Task description - Reproduce the full listing below exactly. Do not include the pictures.

Source material -
——————————
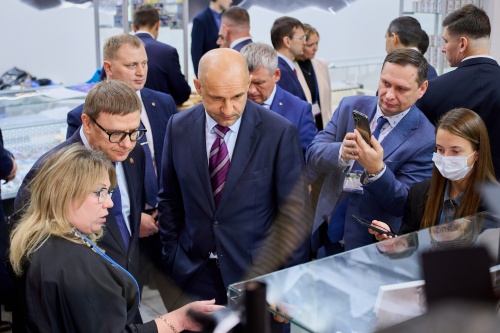 Победа Южно-Уральского ГАУ на агропромышленной выставке УрФО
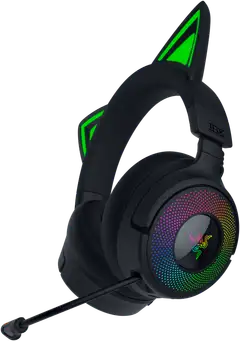 Razer kuulokkeet Kraken Kitty V3 Pro musta - 3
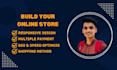 create wordpress woocommerce website by woodmart or ocean wp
——————————
Response area -
 Победа Южно-Уральского ГАУ на агропромышленной выставке УрФО
 Razer kuulokkeet Kraken Kitty V3 Pro musta - 3
 create wordpress woocommerce website by woodmart or ocean wp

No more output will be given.